Investigating the CEO is about protecting the company

Brian Dunn
Brian Dunn, CEO of Best Buy, speaks at a media event in 2009.
AP Photo/Mark Lennihan

Best Buy's board of directors is in the midst of investigating the personal conduct of Brian Dunn, who resigned last week as CEO.

When a CEO is accused of personal misconduct, corporate governance experts say the internal investigation can be as much about protecting the company and its investors as it is about identifying wrongdoing.

Although the report will not be out for a few weeks, the retailer's board has been steadfastly silent about the nature of Dunn's "personal conduct" that is under investigation. The company has pointedly said Dunn's conduct does not involve anything that should materially affect the company's financial health or shock investors.

Even if the stakes are apparently small, California business law attorney Lee Stimmel said boards should investigate when they get wind of possible misconduct within a company.

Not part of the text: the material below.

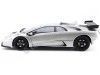 Carsdemetal.es 1999 Lamborghini DIABLO GTR GRIS/PRATA 1:18 KYOSHO SAMURAI KSR18509S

"They have to be reasonable and thorough," Stimmel said. "And then they have to do whatever the fiduciary duty requires them to do at the end of the investigation, including filing action, terminating people, doing whatever they think is necessary to protect the company that's legal."

Stimmel said it is the job of the company's general counsel to represent the company's interests, not those of its employees. He said boards typically bring in an outside law firm, as the Best Buy board has with the Dunn investigation. It hired the high-powered Washington, D.C., law firm of WilmerHale to lead the investigation of Dunn's personal conduct.

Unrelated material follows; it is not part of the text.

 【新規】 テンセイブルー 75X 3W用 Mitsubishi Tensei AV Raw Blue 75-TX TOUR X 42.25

That firm has assigned former U.S. Securities and Exchange Commission Director of Enforcement William McLucas and former U.S. Attorney for the District of Colorado Thomas Strickland to the case.

"These are extremely unpleasant steps you have to take when you're investigating your old friend or a business colleague," Stimmel said. "Bring in the outside people. They have no vested interests, supposedly, and they're not going to let emotions sway them."

Even so, the process can be messy and divisive, Stimmel said.

"You can have directors who become divided about what is appropriate conduct," he said. "You can have leaks of information that should not be transmitted to the public. You can have inaccurate information which is acted upon."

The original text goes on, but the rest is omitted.